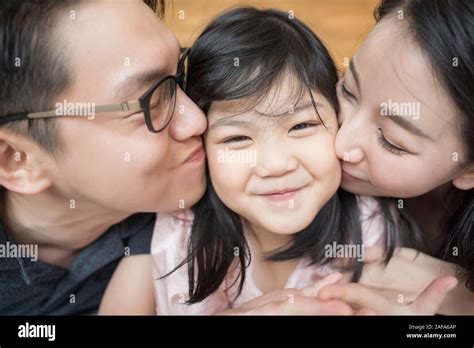 Los Padres Asiáticos Besar A Su Pequeña Hija En Ambas Mejillas Retrato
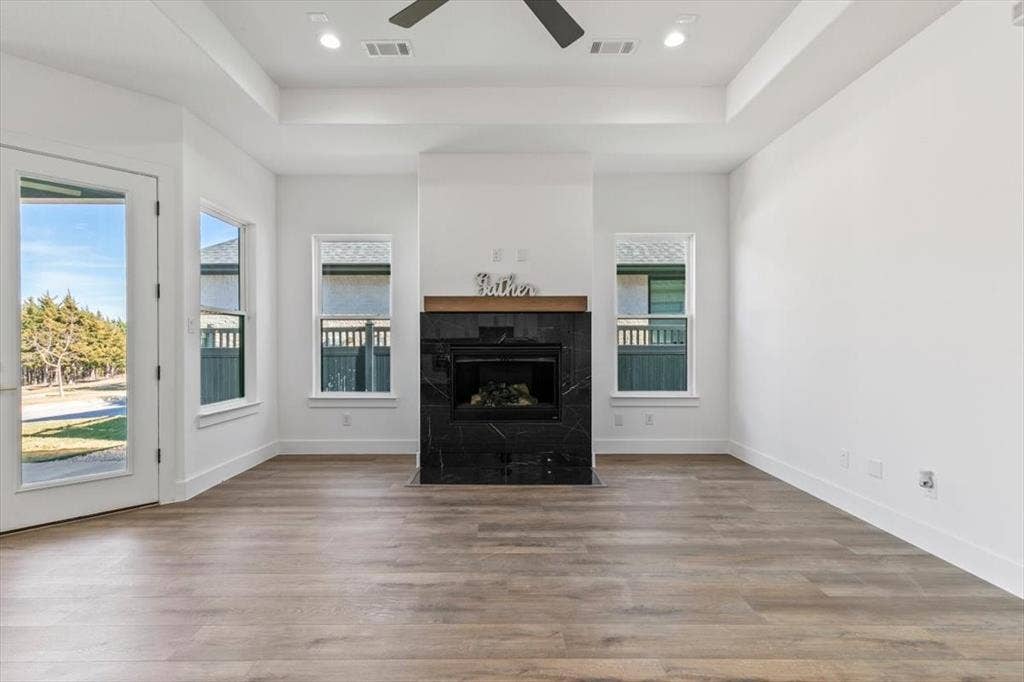 Elegant tile framed gas fireplace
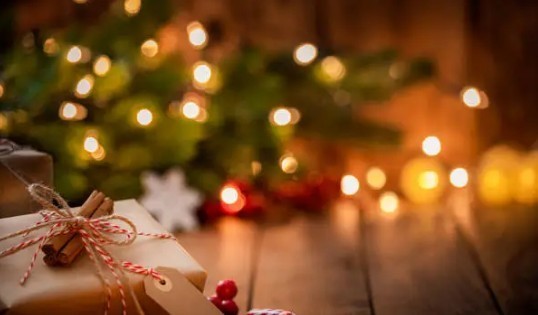 picture of christmas presents under a blurred background of a lighted christmas tree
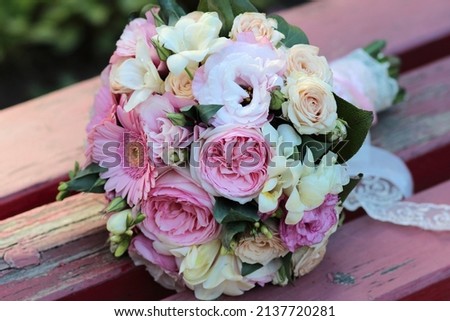 wedding bouquet consists of white, pink, purple flowers, green leaves, gerbera flowers, peony roses on old wooden background with peeling red paint, beautiful and colorful bouquet of flowers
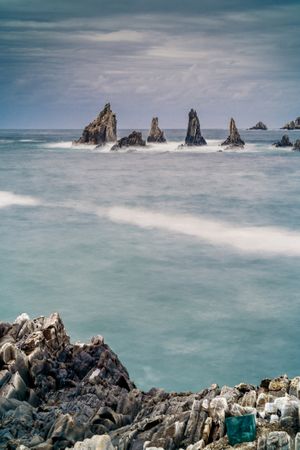 Rocky peaks protrude from water in cloudy day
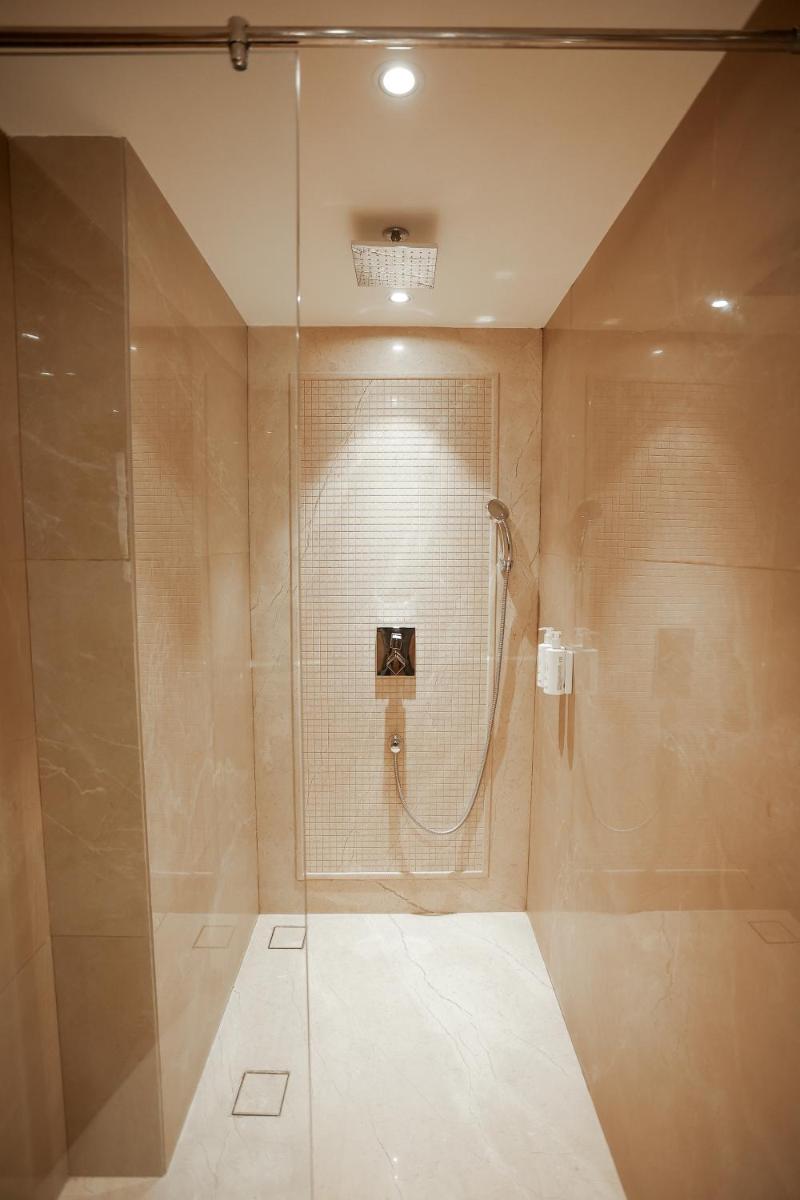a bathroom with a shower with a glass door at Golden Tulip Jaipur in Jaipur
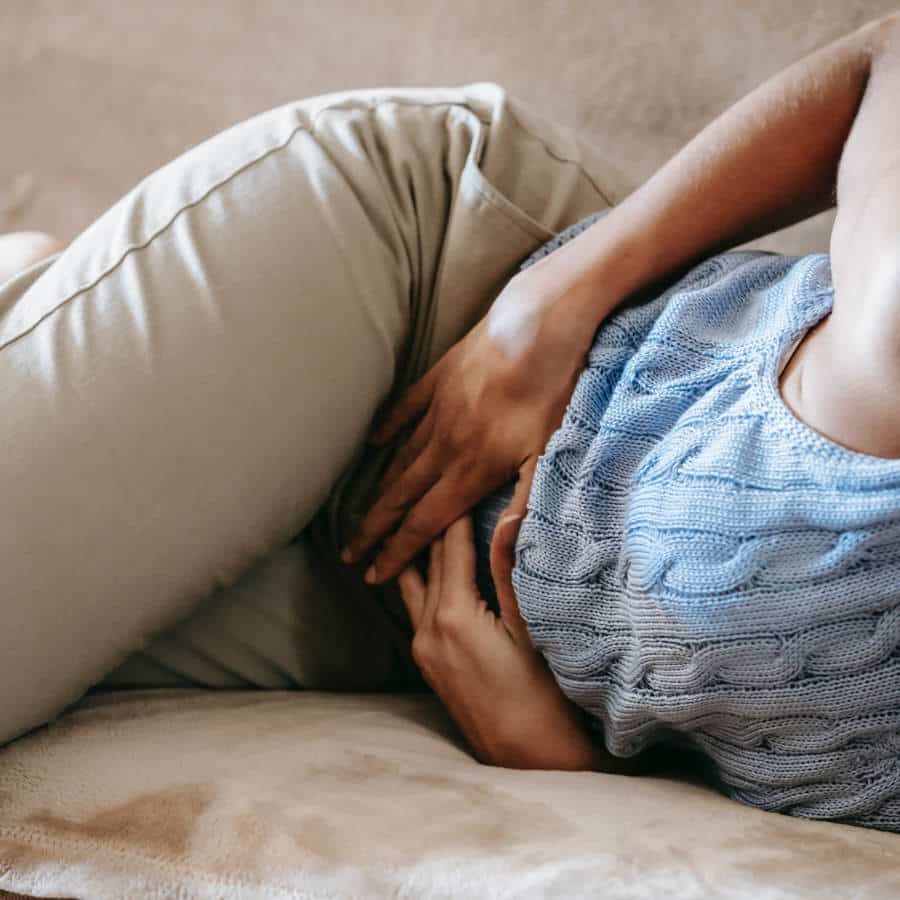 Eine Frau liegt seitlich auf einem Sofa und hält sich mit beiden Händen den Bauch.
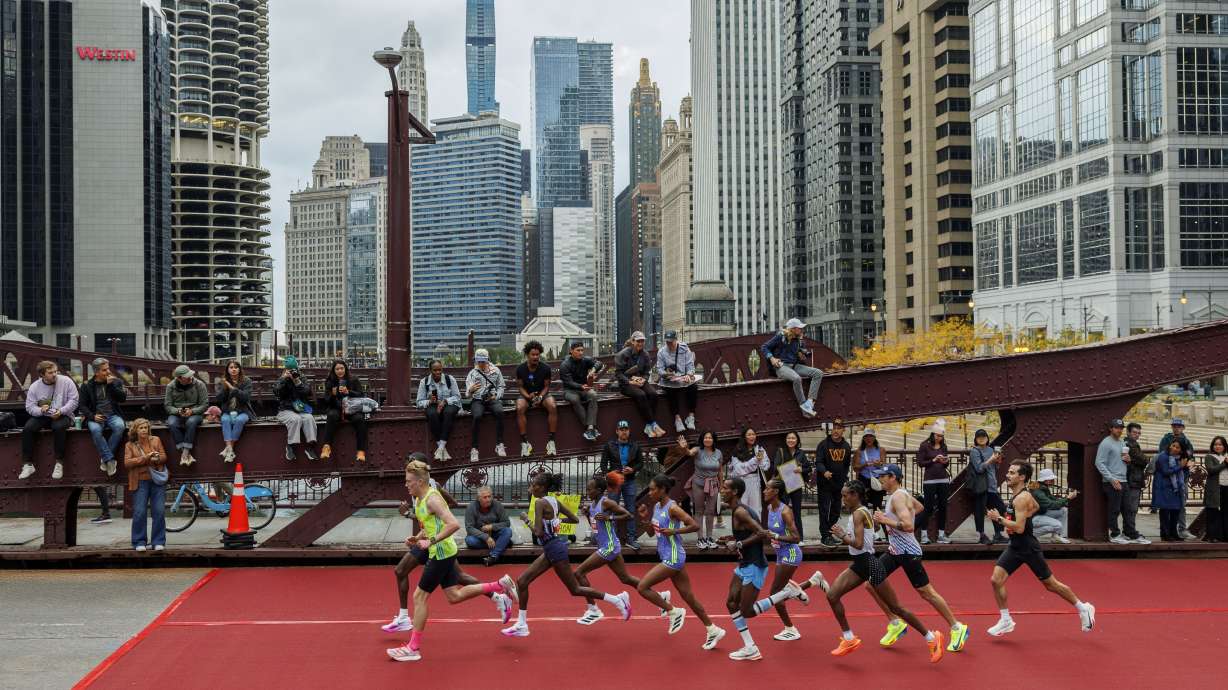 Runners cross the LaSalle Street bridge during the Chicago Marathon Sunday Oct. 13, 2024, in Chicago.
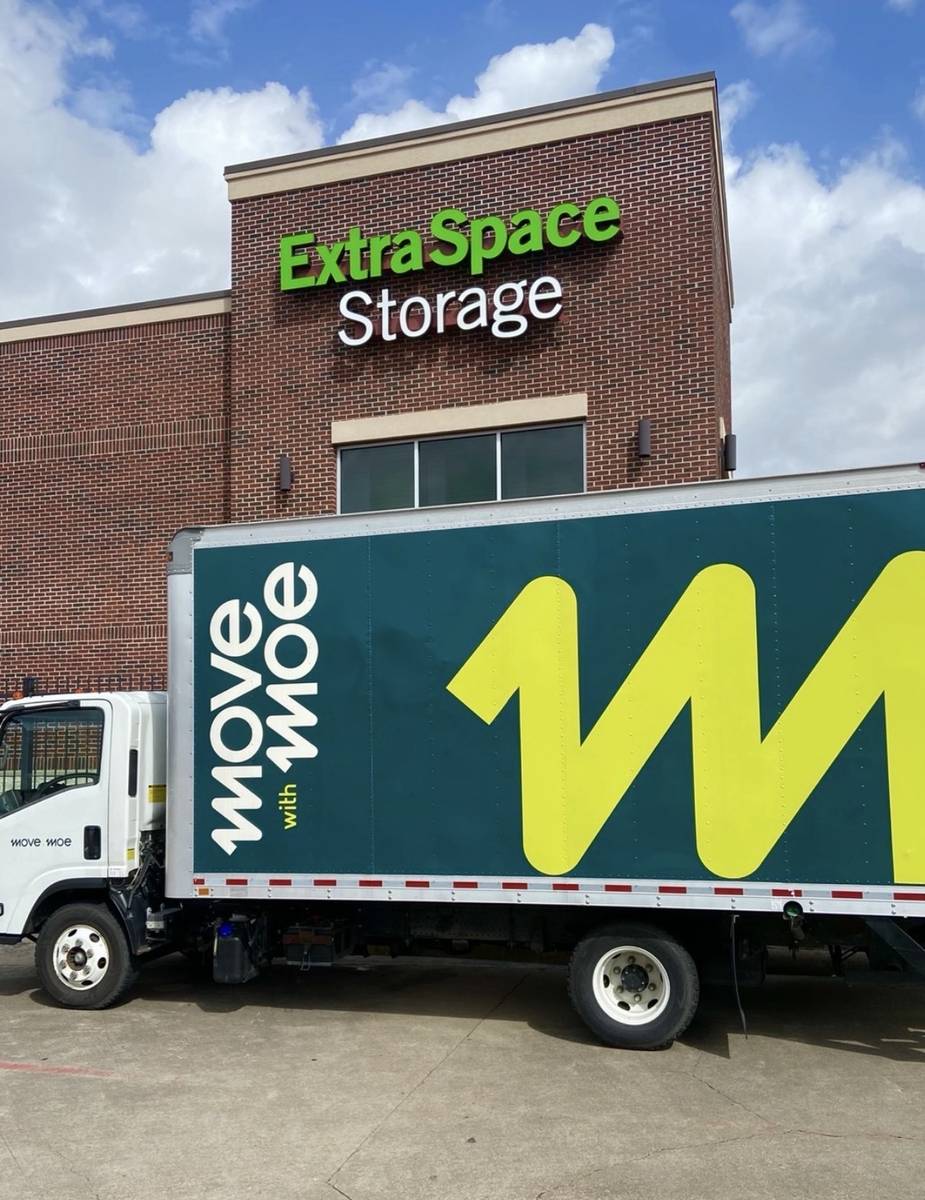 The Move with Moe truck outside an Extra Space Storage facility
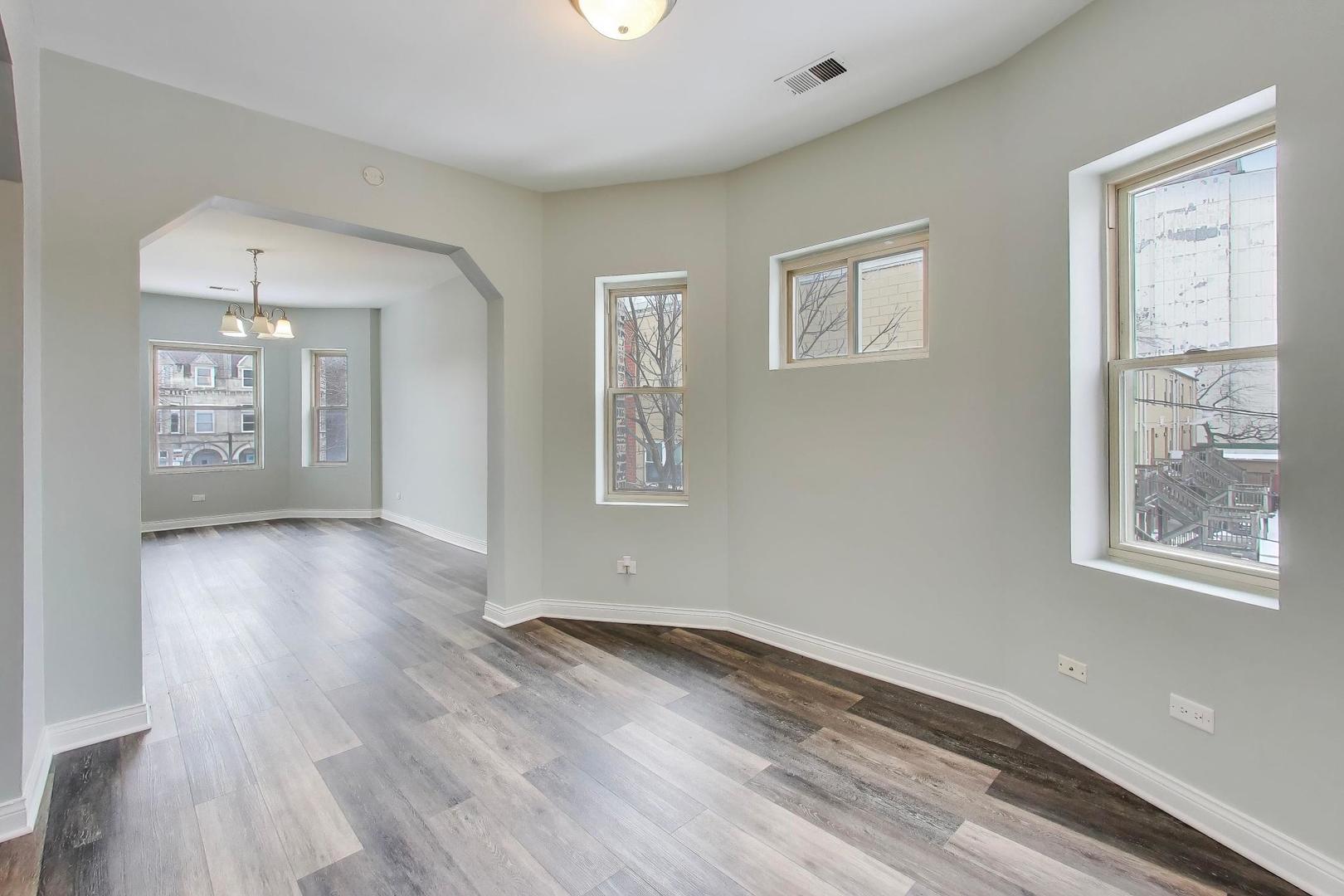 5938 South Indiana Avenue, Unit 2 Chicago, IL 60637 - Photo 5 of 17 a view of an empty room with wooden floor and a window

**Exercise directions:**
Print every line of the material exactly as written, but drop the pictures.

**Final answer:**
 Los Padres Asiáticos Besar A Su Pequeña Hija En Ambas Mejillas Retrato
 Elegant tile framed gas fireplace
 picture of christmas presents under a blurred background of a lighted christmas tree
 wedding bouquet consists of white, pink, purple flowers, green leaves, gerbera flowers, peony roses on old wooden background with peeling red paint, beautiful and colorful bouquet of flowers
 Rocky peaks protrude from water in cloudy day
a bathroom with a shower with a glass door at Golden Tulip Jaipur in Jaipur
 Eine Frau liegt seitlich auf einem Sofa und hält sich mit beiden Händen den Bauch.
 Runners cross the LaSalle Street bridge during the Chicago Marathon Sunday Oct. 13, 2024, in Chicago.
 The Move with Moe truck outside an Extra Space Storage facility
 5938 South Indiana Avenue, Unit 2 Chicago, IL 60637 - Photo 5 of 17 a view of an empty room with wooden floor and a window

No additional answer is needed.